Despite the locust invasion in some parts of the country, farmers will harvest enough food for themselves and their livestock, Mohammed Elmi, the Chief Administrative Secretary State Department of Environment and Forestry has said.
Speaking while officially opening the 54th Greater Horn of Africa Climate Outlook Forum on Monday, the administrator said the Government is dealing with the invasion to avert complete loss of crops in the fields.
He said the meeting couldn’t come at a better time as it is an important occasion in the calendar of the IGAD Climate and Prediction and Application Centre (ICPAC)
This meeting signifies a continuation of the long ICPAC tradition in which eminent local and international scientists come together to share their research findings and provide the outlook for the expected weather situation across the ten IGAD countries which Kenya is a member.
He said the negative effects of climate change can be seen all around in the form of global warming and corresponding increase in the frequency of adverse weather and extreme climate events which occasionally evolve into disasters.
The administrative secretary said the Kenya Meteorological Department had predicted a very wet short rains season during the months of October to December 2019 seasonal rainfall which came and destroyed lives and livelihoods as well as substantial damage to various infrastructure.
He said Kenya has set aside budgets, partnered with various national, regional and international organizations through various projects to adapt and/or mitigate against the effects of severe weather events and disasters when they occur.

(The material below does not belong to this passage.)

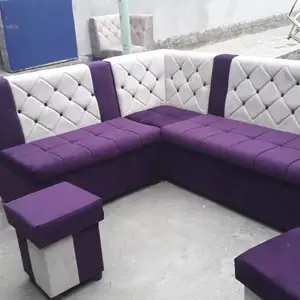 Уголок для кухни на заказ, Худжанд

He, however expressed that the speed at which the weather and climate is changing has made it challenging to fully address the unexpected impacts of the adverse weather occurrences.
Mohammed noted that the conference is an appropriate reminder that even as countries adapt and mitigate against rapid increase of weather-related hazards, it is important to ensure that the populace is able to manage the risks resulting from climate change and build resilience.
He reported early warnings of such negative and/or positive events help the policy makers in planning for the disasters as well as preparing the citizenry to cope with them.
He commended the meeting that brings together climate scientists, researchers, academia, users of weather and climate information from key socio-economic sectors, government and non-governmental organizations, development partners, decision makers and civil society stakeholders among others.
Meteorology plays a critical role in the socio-economic development of any country and it is for this reason that ICPAC in collaboration with the Kenya Meteorological Department has also organized specific sector workshops to provide a platform for further understanding on how the weather and climate will affect them during the coming long rains season. Reports from these sector workshops will be used to mitigate against the expected seasonal weather effects.
The CAS encouraged ICPAC, in partnership with other research and application organizations in the field of weather and climate, to ensure that the right input is provided to the National Governments through the National Meteorological and Hydrological Services in the IGAD region to ensure that the necessary information particularly concerning the expected weather situation in the coming March to May 2020 season, is passed on to all citizens at the grassroots.